Material for this exercise -

▼▼▼

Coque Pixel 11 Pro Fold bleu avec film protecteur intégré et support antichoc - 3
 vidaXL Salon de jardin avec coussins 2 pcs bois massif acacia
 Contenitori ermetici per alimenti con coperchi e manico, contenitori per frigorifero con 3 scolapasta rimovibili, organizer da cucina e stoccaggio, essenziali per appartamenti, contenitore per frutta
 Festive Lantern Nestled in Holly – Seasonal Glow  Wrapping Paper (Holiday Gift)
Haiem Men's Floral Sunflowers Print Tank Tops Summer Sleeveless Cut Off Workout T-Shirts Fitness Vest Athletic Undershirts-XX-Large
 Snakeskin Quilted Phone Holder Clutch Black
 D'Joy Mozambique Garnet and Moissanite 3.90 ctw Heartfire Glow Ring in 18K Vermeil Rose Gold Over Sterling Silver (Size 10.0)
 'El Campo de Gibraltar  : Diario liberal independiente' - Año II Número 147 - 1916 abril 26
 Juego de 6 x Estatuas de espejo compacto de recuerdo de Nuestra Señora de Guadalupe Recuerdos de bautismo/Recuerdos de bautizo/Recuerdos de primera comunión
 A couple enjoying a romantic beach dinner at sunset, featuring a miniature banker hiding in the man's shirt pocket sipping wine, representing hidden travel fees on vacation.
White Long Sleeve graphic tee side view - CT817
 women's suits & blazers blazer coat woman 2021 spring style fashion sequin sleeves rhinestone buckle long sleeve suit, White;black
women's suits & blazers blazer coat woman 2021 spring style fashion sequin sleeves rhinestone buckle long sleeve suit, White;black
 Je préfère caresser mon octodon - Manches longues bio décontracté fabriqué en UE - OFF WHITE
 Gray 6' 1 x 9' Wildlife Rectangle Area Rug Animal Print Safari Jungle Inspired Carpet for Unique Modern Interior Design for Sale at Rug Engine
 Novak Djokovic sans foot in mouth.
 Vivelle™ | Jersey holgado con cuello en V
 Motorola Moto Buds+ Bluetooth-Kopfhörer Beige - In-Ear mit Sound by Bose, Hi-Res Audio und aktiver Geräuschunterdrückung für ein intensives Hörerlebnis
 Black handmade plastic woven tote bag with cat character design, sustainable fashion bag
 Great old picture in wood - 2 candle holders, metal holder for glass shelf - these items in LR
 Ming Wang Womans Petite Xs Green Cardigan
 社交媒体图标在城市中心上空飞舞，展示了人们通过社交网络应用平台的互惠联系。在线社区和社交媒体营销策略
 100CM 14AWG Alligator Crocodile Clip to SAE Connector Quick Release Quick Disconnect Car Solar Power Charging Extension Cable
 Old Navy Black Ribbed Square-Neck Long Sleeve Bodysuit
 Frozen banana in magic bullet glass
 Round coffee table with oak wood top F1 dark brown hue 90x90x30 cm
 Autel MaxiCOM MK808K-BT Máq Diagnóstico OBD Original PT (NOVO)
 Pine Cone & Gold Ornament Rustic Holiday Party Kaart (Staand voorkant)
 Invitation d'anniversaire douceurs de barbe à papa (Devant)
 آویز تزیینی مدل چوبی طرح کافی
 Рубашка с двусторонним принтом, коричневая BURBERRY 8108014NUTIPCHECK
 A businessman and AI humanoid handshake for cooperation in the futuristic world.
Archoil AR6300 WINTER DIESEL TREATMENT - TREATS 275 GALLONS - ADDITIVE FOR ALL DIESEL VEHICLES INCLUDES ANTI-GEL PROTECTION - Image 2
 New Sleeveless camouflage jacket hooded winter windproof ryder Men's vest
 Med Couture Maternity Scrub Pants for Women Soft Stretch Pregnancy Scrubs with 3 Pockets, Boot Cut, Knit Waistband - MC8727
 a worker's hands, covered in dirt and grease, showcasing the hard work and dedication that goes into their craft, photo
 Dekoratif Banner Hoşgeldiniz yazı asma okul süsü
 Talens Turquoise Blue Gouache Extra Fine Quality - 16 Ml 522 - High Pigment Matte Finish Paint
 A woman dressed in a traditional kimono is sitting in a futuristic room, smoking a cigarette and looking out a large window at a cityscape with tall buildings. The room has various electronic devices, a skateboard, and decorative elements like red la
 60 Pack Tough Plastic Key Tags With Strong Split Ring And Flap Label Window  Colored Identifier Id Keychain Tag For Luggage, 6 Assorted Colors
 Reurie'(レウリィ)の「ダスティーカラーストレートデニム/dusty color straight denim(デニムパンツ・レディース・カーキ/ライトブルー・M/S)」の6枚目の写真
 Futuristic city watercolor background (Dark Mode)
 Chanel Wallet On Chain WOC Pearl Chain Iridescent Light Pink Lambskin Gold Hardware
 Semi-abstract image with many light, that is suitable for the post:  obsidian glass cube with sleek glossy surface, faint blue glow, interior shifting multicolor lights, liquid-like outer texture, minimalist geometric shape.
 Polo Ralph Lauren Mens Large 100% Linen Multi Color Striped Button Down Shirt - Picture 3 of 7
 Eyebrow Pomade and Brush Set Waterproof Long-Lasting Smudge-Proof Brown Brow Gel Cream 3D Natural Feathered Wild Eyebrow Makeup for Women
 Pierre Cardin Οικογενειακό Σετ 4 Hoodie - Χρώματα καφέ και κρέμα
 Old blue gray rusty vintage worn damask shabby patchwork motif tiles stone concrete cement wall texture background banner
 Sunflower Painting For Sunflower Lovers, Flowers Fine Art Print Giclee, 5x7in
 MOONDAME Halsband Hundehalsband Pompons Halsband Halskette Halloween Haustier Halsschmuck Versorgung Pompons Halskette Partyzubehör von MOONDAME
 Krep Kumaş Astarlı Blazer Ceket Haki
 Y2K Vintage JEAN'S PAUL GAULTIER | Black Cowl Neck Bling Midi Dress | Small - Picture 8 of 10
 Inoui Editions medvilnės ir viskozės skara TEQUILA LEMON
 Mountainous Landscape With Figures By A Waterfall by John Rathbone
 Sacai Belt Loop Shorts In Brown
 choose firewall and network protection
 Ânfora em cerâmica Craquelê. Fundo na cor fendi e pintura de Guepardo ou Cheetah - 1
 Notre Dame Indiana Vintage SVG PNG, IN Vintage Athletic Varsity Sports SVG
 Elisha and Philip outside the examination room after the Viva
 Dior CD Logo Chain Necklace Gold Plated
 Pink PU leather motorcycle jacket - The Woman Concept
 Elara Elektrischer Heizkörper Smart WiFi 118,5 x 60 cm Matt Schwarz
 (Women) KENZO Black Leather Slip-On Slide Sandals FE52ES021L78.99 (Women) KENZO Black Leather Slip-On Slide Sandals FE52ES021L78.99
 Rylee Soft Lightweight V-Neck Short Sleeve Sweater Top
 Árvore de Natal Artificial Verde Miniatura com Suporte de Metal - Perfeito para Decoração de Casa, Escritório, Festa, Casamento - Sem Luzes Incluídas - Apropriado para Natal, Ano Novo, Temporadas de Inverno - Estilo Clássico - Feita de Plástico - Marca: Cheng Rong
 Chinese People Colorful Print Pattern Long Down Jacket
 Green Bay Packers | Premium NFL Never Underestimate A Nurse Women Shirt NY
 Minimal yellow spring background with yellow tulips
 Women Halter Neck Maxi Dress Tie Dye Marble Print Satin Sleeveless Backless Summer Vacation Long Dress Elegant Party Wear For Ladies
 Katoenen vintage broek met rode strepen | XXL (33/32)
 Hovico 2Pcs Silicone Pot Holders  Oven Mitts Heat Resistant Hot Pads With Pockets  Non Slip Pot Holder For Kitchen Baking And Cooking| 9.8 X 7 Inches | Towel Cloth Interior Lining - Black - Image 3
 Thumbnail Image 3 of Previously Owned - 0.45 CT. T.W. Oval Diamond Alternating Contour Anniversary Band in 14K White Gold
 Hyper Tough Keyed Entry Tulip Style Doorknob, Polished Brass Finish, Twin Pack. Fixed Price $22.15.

▲▲▲

From the listing above, output exactly the run of lines that starts with the line containing "A couple enjoying" and ends with the line containing "Vivelle™ | Jersey holgado con cuello en V".

 A couple enjoying a romantic beach dinner at sunset, featuring a miniature banker hiding in the man's shirt pocket sipping wine, representing hidden travel fees on vacation.
White Long Sleeve graphic tee side view - CT817
 women's suits & blazers blazer coat woman 2021 spring style fashion sequin sleeves rhinestone buckle long sleeve suit, White;black
women's suits & blazers blazer coat woman 2021 spring style fashion sequin sleeves rhinestone buckle long sleeve suit, White;black
 Je préfère caresser mon octodon - Manches longues bio décontracté fabriqué en UE - OFF WHITE
 Gray 6' 1 x 9' Wildlife Rectangle Area Rug Animal Print Safari Jungle Inspired Carpet for Unique Modern Interior Design for Sale at Rug Engine
 Novak Djokovic sans foot in mouth.
 Vivelle™ | Jersey holgado con cuello en V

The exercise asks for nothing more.